Rakibin baskısını Nelsson’un gönderdiği uzun paslar ile kırdık. Mostafa bu uzun pasa yükselip devamında rakibinden de topu kurtardı ve adeta kendisine atılmasını istediği türden bir ortayla Kerem’i buluşturarak ve skoru 2-0’a getirdi. Mohamed-Kerem birlikteliği bir kez daha işe yaradı. Bir başka hücum organizasyonunda da Berkan’ı gördük. Geçtiğimiz maçlarda “Berkan sol taraftan savunma arkasına koşular atıyor ve bunun planlı bir şey olduğu çok açık” demiştim. Beşiktaş maçında sadece 1 kez örneğini görmüş olsak da önemli bir koşu vardı. Marcao önündeki boş alanı kullanırken Van Aanholt çizgiye, Kerem içeriye doğru hareketlendi. Kerem, rakip savunmanın arasına dalarak birkaç oyuncuyu üzerine çekti ve Kerem’in bıraktığı boşluğa ise Berkan geçti. Normalde Galatasaray’dan beklenen şey, Kerem’e top atılmasıdır ancak bu kez Van Aanholt’a pas attık ve sonrasında Van Aanholt kenar çizgiye paralel olarak ileriye topu gönderdi. Bu tür hücum denemelerini gerçekleştirerek Galatasaray iç koridor kullanımını arttırmaya başladı.
****
Savunma anlamında Galatasaray’ın özellikle ikinci yarıda Barcelona maçının provasını yaptığını söyleyebiliriz. Rakip takım ilk yarıda köşe vuruşları haricinde pek tehlikeli olamadı. Omar’ın çizgiden çıkardığı pozisyon ligin ilk yarısında Beşiktaş’tan yediğimiz ikinci golün birebir aynısıydı. Ama bu kez sahada rakibini kaçıran Yedlin değil, %100 konsantrasyon ile oynayan Omar vardı. Yaşadığı kaza sonrasında forma giydiği her maçta olduğu gibi bu maçta da gösterdiği performansla alkışı hak etti. Galatasaray, ilk yarıdaki oyunla rakibi o kadar kolay bozdu ki Beşiktaş 37. dakikada iki değişiklik birden yapmak zorunda kaldı.

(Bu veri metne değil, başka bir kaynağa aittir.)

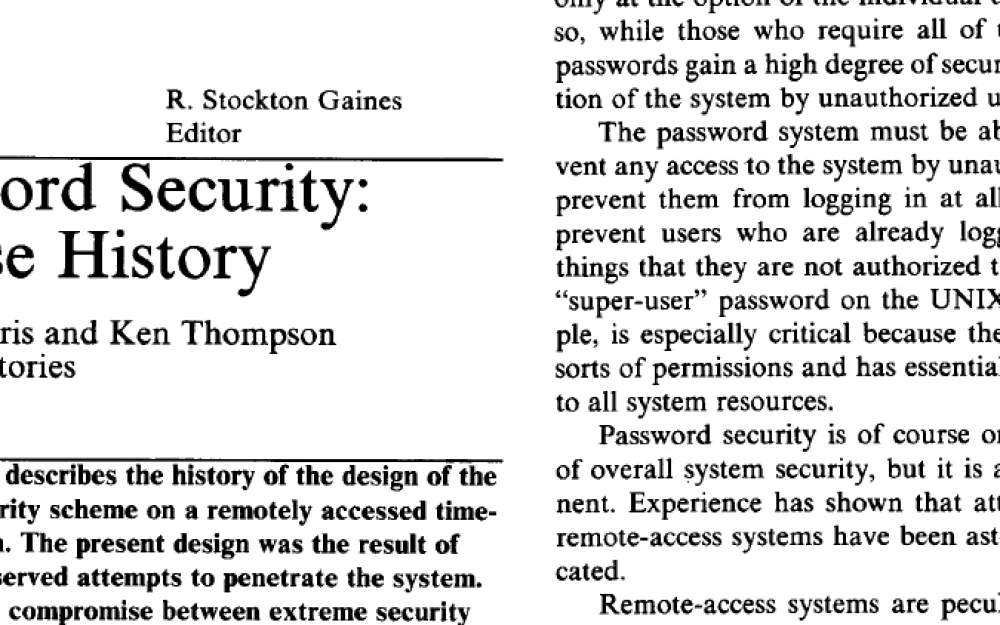 How password encryption came about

Galatasaray, bu değişikliklerin negatif etkilerini ise ikinci yarıda yapılan Cicaldau değişikliğiyle daha da pekiştirmiş oldu. Cicaldau değişikliğiyle top tutamayan bir Galatasaray ortaya çıktı ve Beşiktaş’a daha fazla oynama fırsatı verildi. Rakip son dakikalarda Rıdvan’ın da oyuna girmesiyle çift forvete döndü. Taylan’ı ve savunmacılarımızı daha çok meşgul eden Beşiktaş, sağ kanattan ortaya döndüğünde büyük bir boşluk buldu. Her ne kadar gole engel olamasak da genel anlamda oyunu tutmayı başarmamız önemliydi. İkinci yarıda eğer Gomis de Mostafa gibi top tutabilseydi savunma oyuncularımız biraz daha rahat edebilirdi.
ÖZGÜVEN
İyi oyunculardan kurulu ancak iyi organize olamayan bir takımız. Avrupa’da daha çok savunma yaparak oynuyoruz ama ligde büyük takım olarak topa sahip olmak istiyoruz. Orta saha oyuncularımızın istenen performansı bir türlü gösterememesi ve rakip takımların orta saha oyuncularımıza yaptığı doğru baskılarla yediğimiz goller neticesinde art arda kötü sonuçlar alındı ve ligde hiç istemediğimiz bir noktaya geldik. Bu da ister istemez oyuncularımızda bir özgüven eksikliği yarattı ama Barcelona gibi bir dünya devine karşı iyi bir oyun ve plan ortaya koyunca takımın özgüveni tekrar yerine geldi. Bu da oyunumuza etki etmeye başladı. Ligde çok ama çok kritik bir galibiyet aldık. Perşembe akşamı sonuç ne olur bilmiyorum ama bu özgüvenle en azından ligin geri kalanında işler biraz daha düzelecek gibi görünüyor. Ama önce yapmamız gereken bir iş var; Barcelona’yı 52 bin taraftarımızın önünde yenmek. Haydi Galatasaray, yeni bir tarih yaz!